ShortBookandScribes #BookReview – Recipe for a Perfect Wife by Karma Brown @Legend_Press #BlogTour
Welcome to my stop on the blog tour for Recipe for a Perfect Wife by Karma Brown. I’m sharing my thoughts about this book with you today. My thanks to Lucy Chamberlain from Legend Press for the place on the tour and for sending a copy of the book for review purposes.
When Alice Hale leaves a career to become a writer and follows her husband to the New York suburbs, she is unaccustomed to filling her days alone in a big, empty house. But when she finds a vintage cookbook buried in the basement, she becomes captivated by its previous owner: 1950s housewife Nellie Murdoch. As Alice cooks her way through the past, she realizes that within the pages Nellie left clues about her life.

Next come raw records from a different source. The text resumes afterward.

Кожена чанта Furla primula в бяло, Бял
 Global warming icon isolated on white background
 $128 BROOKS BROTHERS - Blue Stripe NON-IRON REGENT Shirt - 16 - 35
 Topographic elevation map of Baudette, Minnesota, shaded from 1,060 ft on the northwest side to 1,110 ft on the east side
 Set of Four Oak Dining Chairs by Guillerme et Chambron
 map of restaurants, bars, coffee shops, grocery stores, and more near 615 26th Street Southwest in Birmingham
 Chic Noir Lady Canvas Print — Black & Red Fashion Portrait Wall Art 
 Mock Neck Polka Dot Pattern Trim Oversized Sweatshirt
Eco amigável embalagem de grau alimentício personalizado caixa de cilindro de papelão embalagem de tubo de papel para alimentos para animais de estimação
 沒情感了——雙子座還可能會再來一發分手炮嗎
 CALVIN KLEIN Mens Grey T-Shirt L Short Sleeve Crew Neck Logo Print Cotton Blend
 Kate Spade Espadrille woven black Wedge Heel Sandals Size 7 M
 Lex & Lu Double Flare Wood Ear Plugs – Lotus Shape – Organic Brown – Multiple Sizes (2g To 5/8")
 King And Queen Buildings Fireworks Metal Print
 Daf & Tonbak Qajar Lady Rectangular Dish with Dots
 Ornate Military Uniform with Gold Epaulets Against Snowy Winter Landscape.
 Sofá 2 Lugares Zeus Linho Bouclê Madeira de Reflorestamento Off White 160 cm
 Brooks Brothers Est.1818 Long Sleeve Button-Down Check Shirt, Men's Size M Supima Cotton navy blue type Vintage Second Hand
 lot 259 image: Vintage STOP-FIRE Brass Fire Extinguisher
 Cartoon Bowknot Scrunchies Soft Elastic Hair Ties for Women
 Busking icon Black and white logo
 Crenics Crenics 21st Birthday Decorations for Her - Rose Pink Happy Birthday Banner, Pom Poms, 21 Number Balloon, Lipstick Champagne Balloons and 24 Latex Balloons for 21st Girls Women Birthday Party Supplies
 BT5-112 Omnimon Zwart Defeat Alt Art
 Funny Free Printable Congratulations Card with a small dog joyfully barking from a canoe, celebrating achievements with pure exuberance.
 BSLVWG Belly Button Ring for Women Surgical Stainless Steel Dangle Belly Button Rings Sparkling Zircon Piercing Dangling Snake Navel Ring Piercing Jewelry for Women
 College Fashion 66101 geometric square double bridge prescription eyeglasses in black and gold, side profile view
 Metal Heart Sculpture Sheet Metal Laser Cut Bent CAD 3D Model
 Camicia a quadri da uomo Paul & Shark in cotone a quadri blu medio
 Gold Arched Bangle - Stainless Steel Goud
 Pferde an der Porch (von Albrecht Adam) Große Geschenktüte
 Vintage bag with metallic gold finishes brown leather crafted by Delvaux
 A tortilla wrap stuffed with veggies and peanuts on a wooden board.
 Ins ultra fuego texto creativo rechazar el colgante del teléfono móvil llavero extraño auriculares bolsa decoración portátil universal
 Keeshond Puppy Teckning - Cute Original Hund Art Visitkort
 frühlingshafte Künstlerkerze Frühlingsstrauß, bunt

Soon Alice learns that while a Baked Alaska may seem harmless, Nellie’s secrets may have been anything but. When Alice uncovers a more sinister, even dangerous, side to Nellie’s marriage, and has become increasingly dissatisfied with her own relationship, she begins to take control of her life and protect herself with a few secrets of her own.
Recipe for a Perfect Wife has all the ingredients I like in a book. It has a domestic setting, it’s dual timeline and it has recipes!
The dual timelines are 2018 and 1955. In the 2018 story Alice Hale and her husband, Nate, are about to move from the city to the suburbs of New York. Nate wants a baby but Alice isn’t sure what she wants. Having had a career in PR she now thinks that she wants to write a book.
The house they move to has a décor that is stuck in the 1950s which is when the previous owner, Nellie Murdoch, first lived there. We flit between the two times as we watch Nellie’s marriage to Richard sour, alongside Alice’s own marital difficulties.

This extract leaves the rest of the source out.